Astrid Ullens de Schooten Whettnall, octogénaire aristocrate et atypique, a commencé à collectionner de la photographie à 74 ans, après son divorce. Et elle l’a fait avec une idée bien précise. Dans sa collection constituée ces vingt dernières années, très peu d’images isolées, pas de chefs-d’œuvre épars pour épater la galerie, mais des séries, de grands ensembles d’images, car, selon elle, « on ne peut rien comprendre avec une ou deux photos ». Fidèle à certains auteurs, elle a parfois acheté, année après année, à un même artiste plus d’une centaine de photographies. Ce qui rend la présentation de sa collection à La Mécanique générale, dans le cadre des Rencontres d’Arles, passionnante plutôt qu’indigeste, alors qu’elle aligne sur les murs le nombre impressionnant de 648 photographies (ce qui représente à peine 15 % du total).
Car c’est en faisant masse que cette exposition fait sens. Le commissaire, Urs Stahel, ancien directeur du Fotomuseum de Winterthur, en Suisse, a mis en valeur la ligne la plus forte de la collection, sous le titre « Quand les images apprennent à parler » : des œuvres qui ont tenté de classer le monde et de lui donner un sens par la répétition, la typologie, l’inventaire – ce qu’il appelle le « documentaire conceptuel ».
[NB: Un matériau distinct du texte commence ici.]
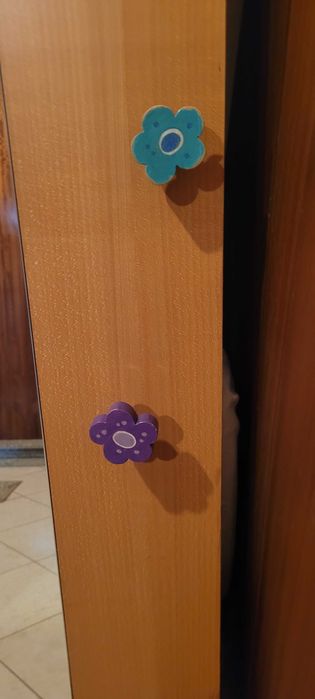 Espelho cabide para quarto de criança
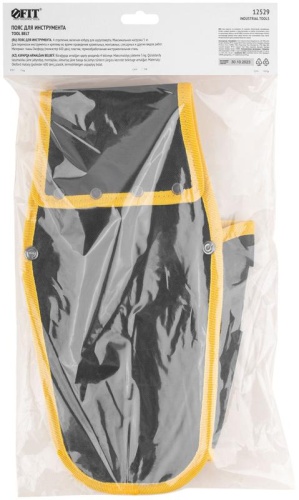 Пояс для инструмента кобура для шуруповерта полиэстер 4 отделения FIT 12529 фото 4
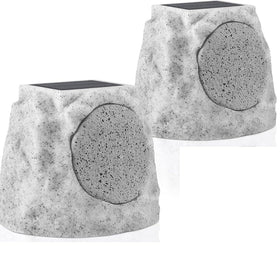 SDX solar-powered rock speaker charging with sunlight for outdoor music.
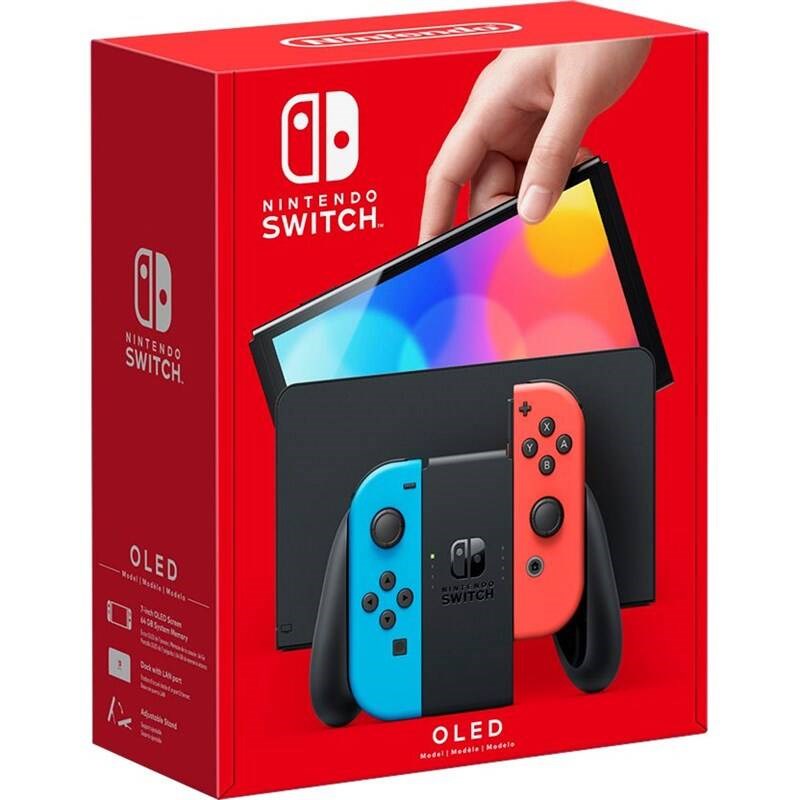 Levně Nintendo Switch (OLED model) Neon Blue/Neon Red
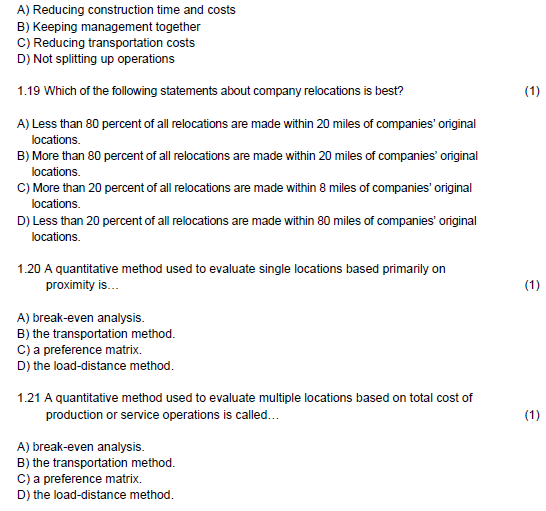 1.18 Which one of the following is usually an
On ne trouvera là aucune image intimiste, pas d’interprétation subjective du monde, ni même de simple accumulation aléatoire : dans ces images souvent en petit format et en noir et blanc, réunies autour d’un principe semblable, il s’agit bien de trouver des moyens de décryptage et d’analyse. « A partir des années 1960-1970, époque marquée par le structuralisme, l’analyse sémiotique et linguistique, dit Urs Stahel, les photographes et les artistes ont abandonné l’image isolée pour construire un récit avec des phrases entières. »
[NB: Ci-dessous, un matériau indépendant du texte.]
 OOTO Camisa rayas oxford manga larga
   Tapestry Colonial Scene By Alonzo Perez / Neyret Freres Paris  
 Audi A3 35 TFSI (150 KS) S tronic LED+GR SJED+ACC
En guise d’introduction, il a placé deux auteurs qui ont travaillé en série, avant l’heure : à la fin des années 1940, Harry Callahan (1912-1999) et Walker Evans (1903-1975) ont tous deux photographié des anonymes sans qu’ils s’en doutent, observés depuis le même point de vue, avec le même cadrage – des photos intenses de femmes absorbées dans leurs pensées à Chicago pour le premier, des tirages-contacts de travailleurs en route pour l’usine à Detroit (« Labor Anonymous ») pour le second. Deux travaux qui figurent moins des individus que l’idée même de foule, d’anonymat, de masse, de classe sociale.
Sur des murs hauts et rehaussés de couleurs vives, les images sont regroupées en grappes, en nuages, en damiers, le plus souvent en alignements stricts – avec parfois une qui s’échappe du lot, pour signifier que la série n’est pas close. Le commissaire a ainsi laissé les photographies respirer, réservant parfois une cimaise entière à un seul projet, sans noyer le spectateur sous les textes – ceux-ci sont disponibles sous la forme de QR codes à flasher. On croise des ensembles remarquables, surtout d’auteurs américains, et des classiques rarement vus au même endroit.